4° Adresse des citoyens d'Ornans, département du Finistère, qui félicitent l'Assemblée du décret contre les émigrants et du décret contre les pretres réfractaires : ils se plaignent de la négligence des administrateurs à réprimer les perturbateurs et accusent les conseils perfides qui ont provoqué le veto du roi sur celui contre les émigrants. Les lettres du roi aux princes émigrés ne leur paraissent être que de la poudre jetée aux yeux du peuple, et le décret contre les prêtres ne leur parait pas encore assez sévère. (Applaudissements.) Ils prient l'Assemblée de réduire le nombre des Couvents de religieuses, dans lesquels il se fait continuellement des rassemblements qui nuisent à la tranquillité publique.

Plusieurs voix: Mention honorable!

M. Laureau. L'Assemblée nationale doit assortir ses démarches à sa dignité : la mention honorable qu'elle fait d'une adresse, d'une pétition ou d'un ouvrage doit être un éloge flatteur, une récompense; il est aussi politique que juste d'assurer à cet acte toute la gloire qui y est attachée, si on veut qu'on en fasse un point d'honneur vers lequel on se dirige. Si on prodigue, au contraire, cette mention honorable, si flatteuse jusqu'ici

(1) Voy. ci-après aux annexes de la séance, page 729, la note des décrets présentés à la sanction.

pour ceux qui l'ont obtenue, elle tombera dans l'avilissement, et nous perdrons avec elle un des principaux mobiles de la vertu et du mérite; or, l'adresse dont il s'agit ici, sage dans quelques endroits, n'a pas le même ton de prudence dans tout son contenu, et ne mérite pas un honneur destiné aux ouvrages remarquables par leurs lumières ou leur modération.

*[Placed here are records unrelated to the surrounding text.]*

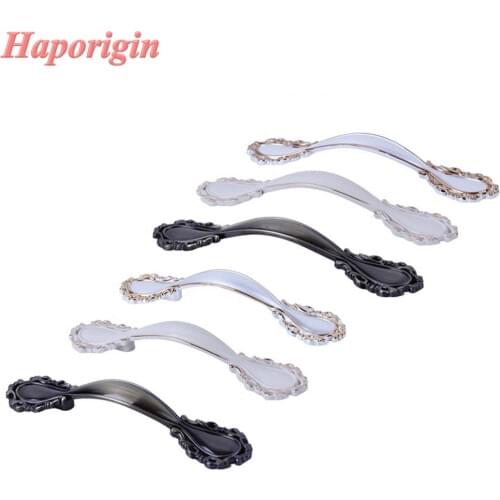 Antique Kitchen Cabinet Drawer Knobs Wardrobe Door Handles Furniture Knobs Vintage Cupboard Dresser Pulls Bedroom Close Knobs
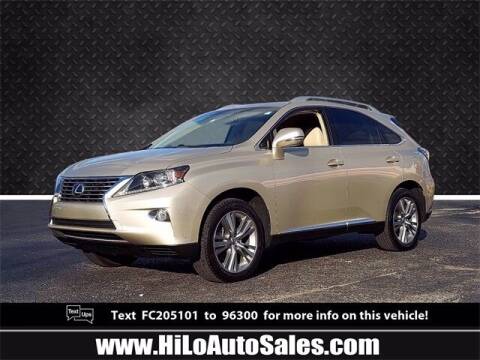 2015 Lexus RX 350 for sale at Hi-Lo Auto Sales in Frederick MD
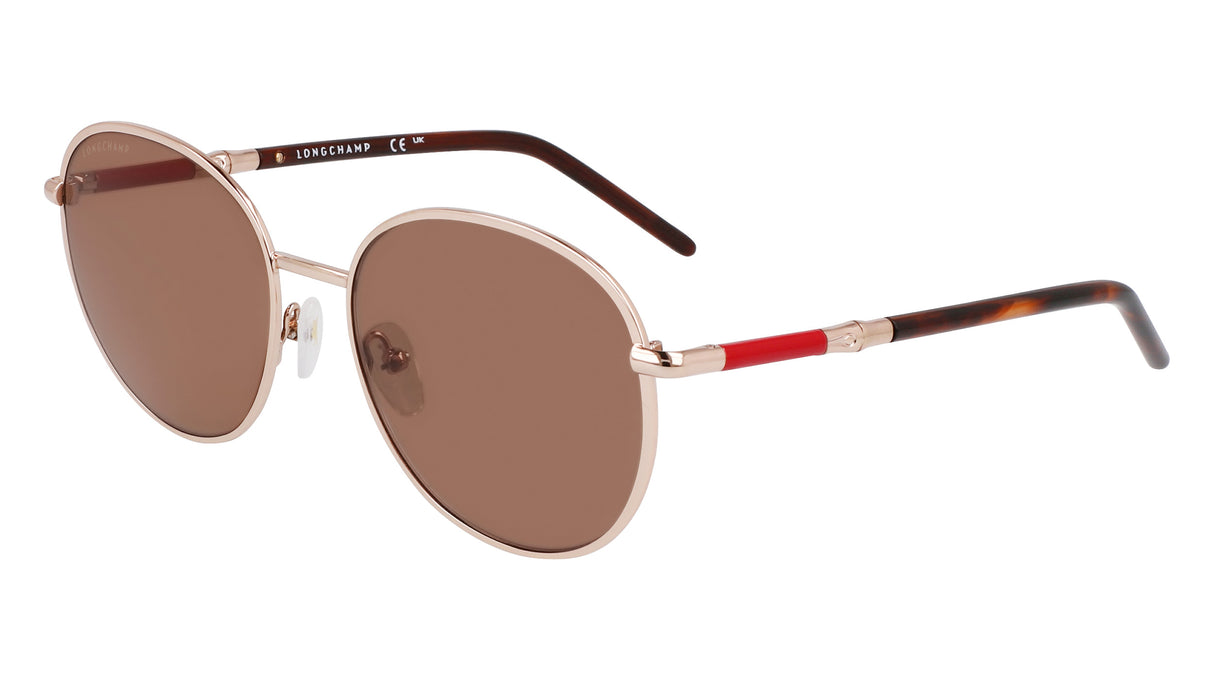 Longchamp LO171S Womens Sunglasses - Rose Gold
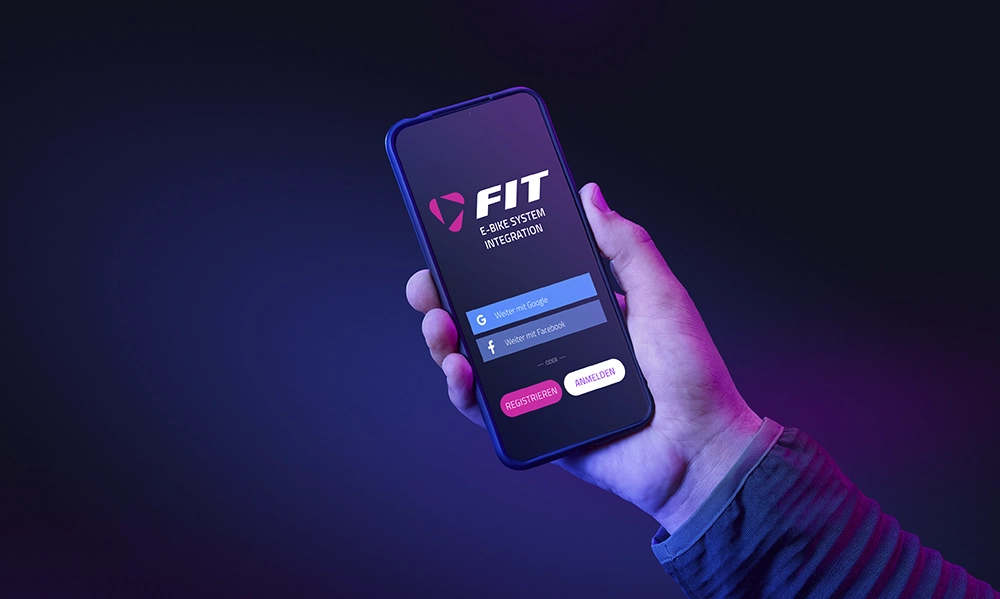 FIT App in Smartphone
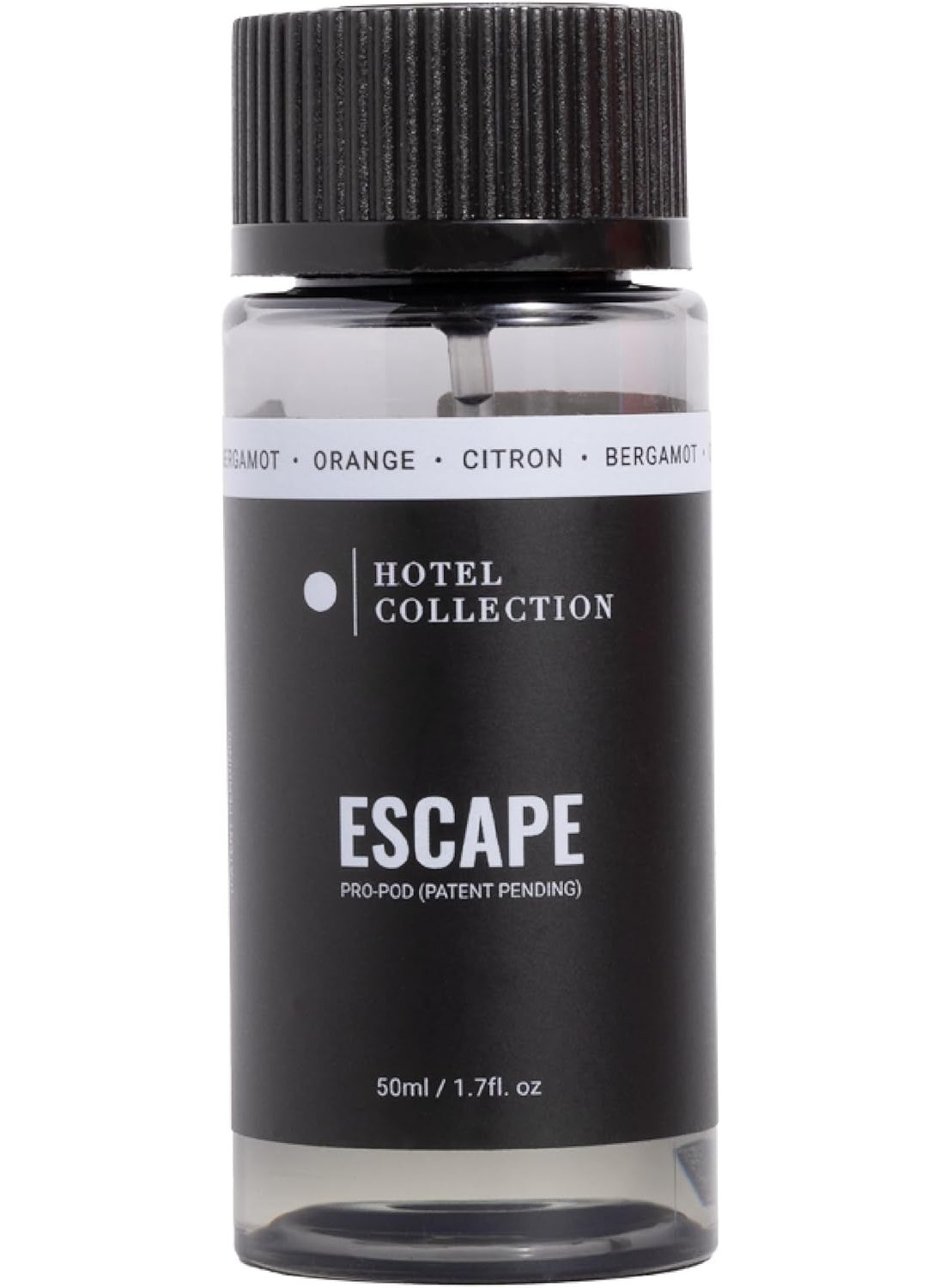 Diffuser Oil-Escape Pro-Pod-Aromatherapy Essential Fragrance-Luxury Hotel Inspired Citron, Bergamot & Orange-50ML 1.7 Fl oz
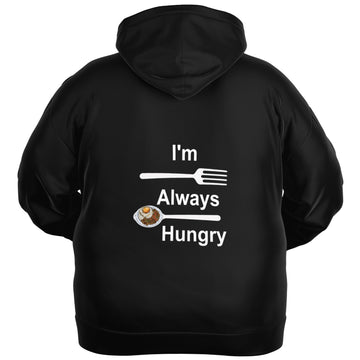 Athletic Plus-size Ziphoodie
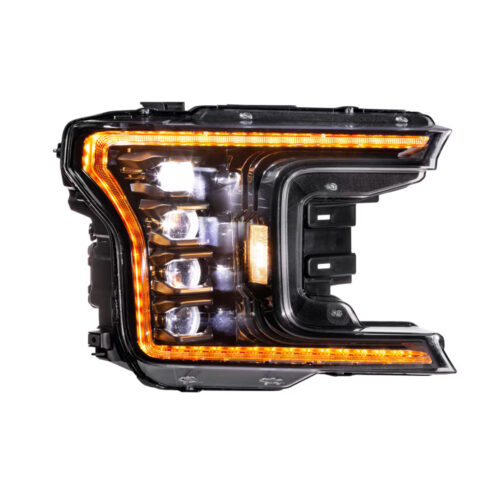 Morimoto XB Headlights Amber DRL for 2018 - 2020 Ford F150 - Image 4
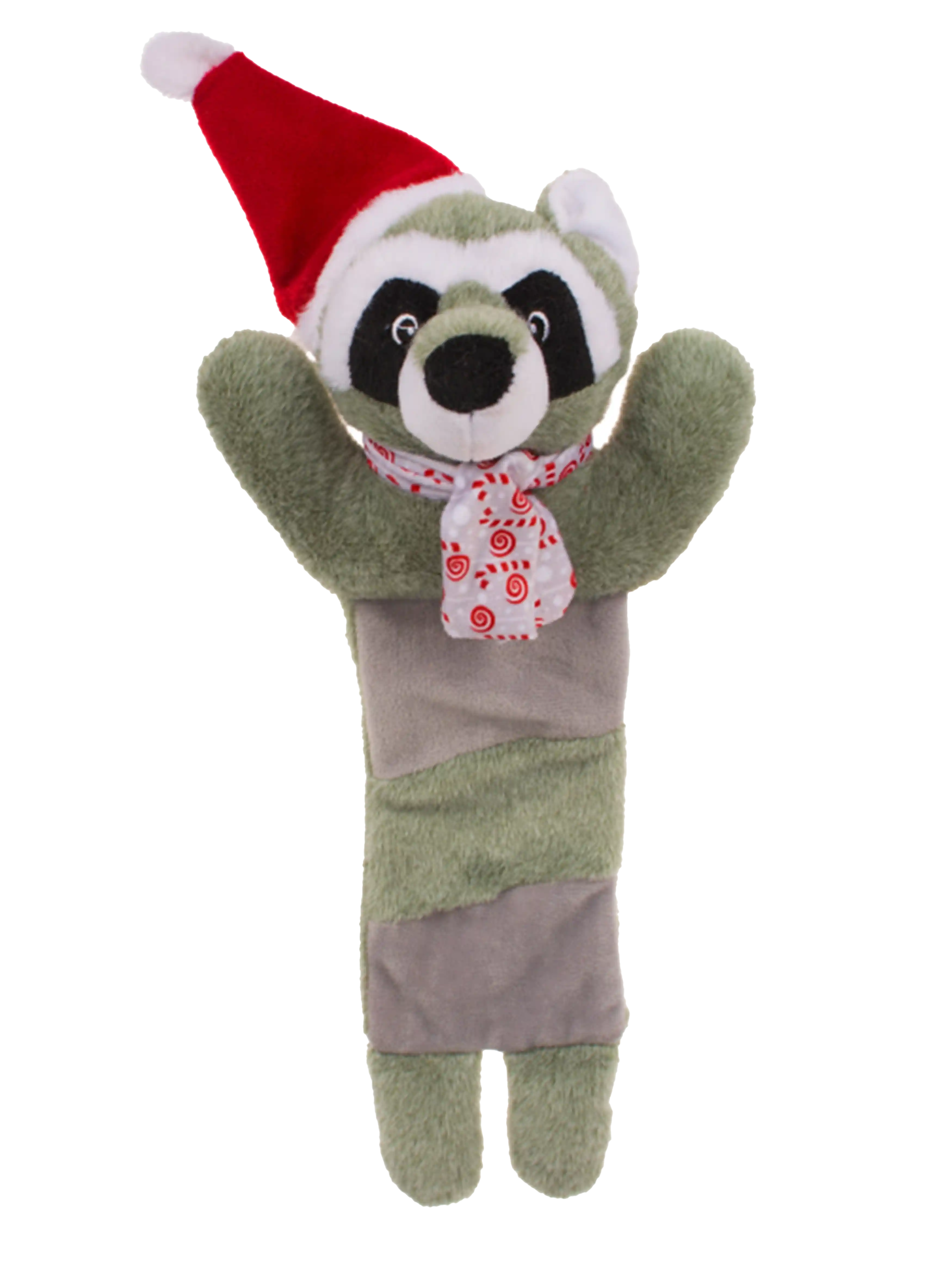 @Pet Christmas toy Cuddle Racoon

(L'Assemblée décrète la mention honorable de l'adresse des citoyens d'Ornans au procès-verbal.)

5o Pétition du sieur Charles - Guillaume Vial, d'Alais, colonel d'infanterie, qui demande une pension.

(L'Assemblée renvoie cette pétition au comité de l'extraordinaire des finances.)

6° Adresse des citoyens de la ville d'Angoulême, souscrite de 589 signataires, qui félicitent l'Assemblée sur son décret contre les émigrants, se plaignent du veto que le roi y a apposé, et engagent l'Assemblée à prendre contre les rebelles des mesures rigoureuses, en se hâtant de lancer contre eux le décret d'accusation; cette adresse est ainsi conçue :

« Législateurs,

« Nous avons applaudi, ainsi que tous les bons citoyens, au décret que vous avez rendu contre des Français indignes de ce nom, puisqu'ils sont assez lâches pour déserter leur poste quand la patrie est en danger ou qu'ils sont assez coupables pour aller aiguiser les poignards avec lesquels ils se proposent de venir déchirer son sein, et forger des chaînes pour des hommes qui ont fait vœu de vivre libres ou de mourir.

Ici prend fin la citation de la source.